The process starts with the blue light at the top of the apparatus. The blue light is actually two lights, two half-moons. The blue lights made their debut before the 2011 spring race at Charlotte, N.C. Both the top and bottom half of the blue lights interact with two light beams that cross the starting-line area and are connected to trackside photocells that are wired to the tree and electronic timers in the control tower.
Blue Lights
The top half-moon blue light is the pre-stage indicator. When the front tires of a race car break the first of those two light beams, the top half of the blue light comes on. That means the racer is about seven inches from the starting line, approaching the starting line and the “staged” position. When the racer rolls the car into the stage beam, the front tires are exactly on the starting line and lights the bottom half of the blue light. That indicates the vehicle is ready to race. The auto-start system limits the time to seven seconds that a driver can stage once the opponent has lit both pre-stage and stage beams.
A move that smacks of game-playing or unsportsmanlike conduct—but often is simply a mistake by a later-apologetic and chagrined driver—is what’s known as “double-bulbing.” It happens when a drive rolls the car deep into the staging area and lights both staging bulbs on the Christmas Tree at the same time. It gives the opponent almost no time to get set to launch and disrupts that driver’s routine.

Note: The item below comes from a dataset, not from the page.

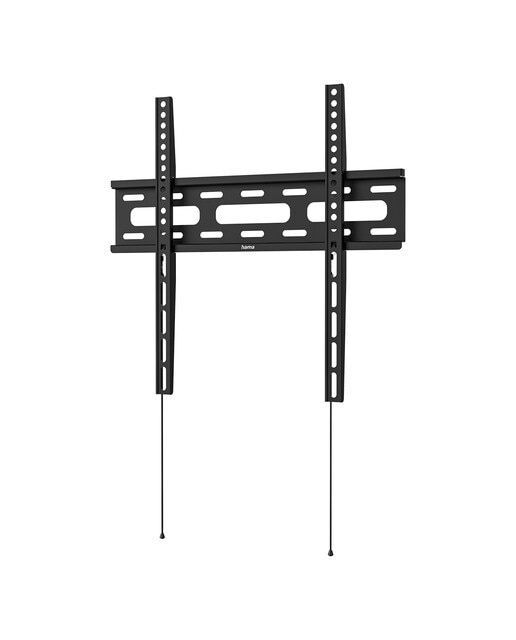 Soporte de pared fijo Hama 00220807 para TV de 32" a 75" Negro-3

If racers want to play psychological games with each other to interrupt his/her sequence or maybe even get the crowd riled up for some added drama, he/she could engage in what’s called a burndown. That’s the situation in which both drivers intentionally hesitate to move into the staging position. Sometimes it pays off. Sometimes it backfires. Sometimes it perturbs the official starter, who orders both to shut off their engines and make way for the next pairing.

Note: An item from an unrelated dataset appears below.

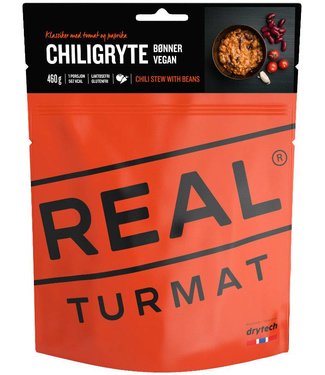 Real Turmat Ragoût de chili avec haricots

When both vehicles are fully staged, the starter will activate the Tree, and each racer will focus on the three large amber lights that correspond to the driver’s lane.
Amber Lights
Amber lights are the next to light up. All three amber lights will flash simultaneously, followed four-tenths of a second later by the green light (a Pro Tree), or the three bulbs will flash consecutively five-tenths of a second apart, followed five-tenths later by the green light (a Sportsman Class Tree). The NHRA began using LED amber lights on the Christmas Tree before the 2003 season. They replaced the incandescent lights, because the massive vibrations from the 11,000-horsepower Top Fuel dragsters and Funny Cars burned out the bulbs too easily.
Green Lights
The green light means “Action!” Once the green light flashes, the driver is free to take off, although racers will say if one waits for green, he’s late. Drivers hope for a green-light start, because that means he hasn’t disqualified himself by leaving the line too early. That infraction is indicated by a red light.
Red Lights
The red light will flash in a fouled-out driver’s lane when the car leaves the starting line too early or in some cases is staged too deep in the beams.

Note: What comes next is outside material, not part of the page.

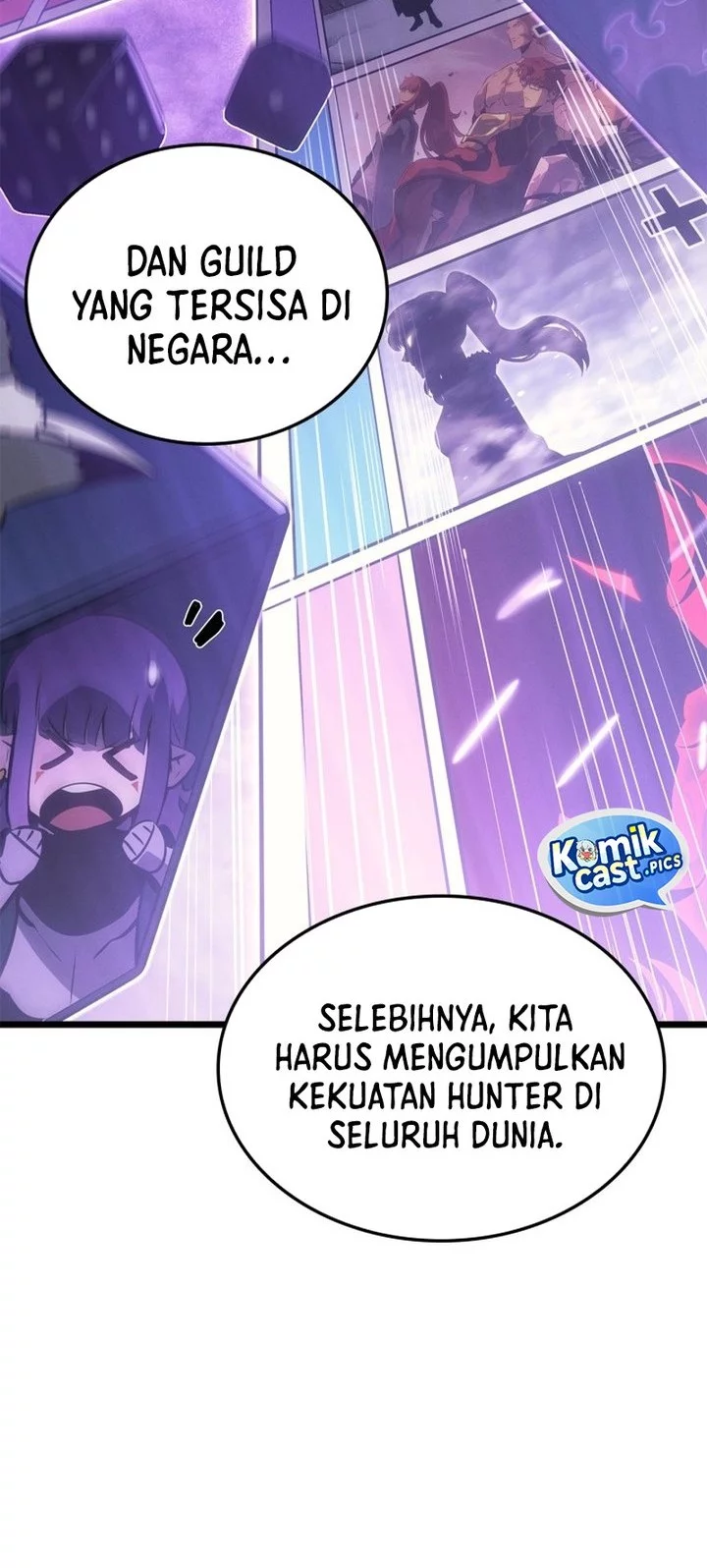Solo Leveling: Ragnarok Chapter 59 - halaman 50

A perfect reaction time is .000 seconds.
The system records each driver’s elapsed time and speed for each run. As soon as a car leaves the staging beams, it activates an E.T. clock, which stops when the vehicle reaches the finish line. The start-to-finish clocking is the elapsed time. Incremental times and speeds are recorded at intervals along the course: at the 60-, 330-, 660-, 1,000-, and quarter-mile marks. For Top Fuel and Funny Car racers, the finish line is at 1,000 feet. For all other NHRA classes, pro and sportsman alike, the quarter-mile marks the finish line. Winners are determined by elapsed time.
Since 1984, the NHRA officially uses CompuLink timing systems at venues on the professional drag- racing circuit (including the Christmas Tree, control units, timing sensors, cables, program software and time-slip printer).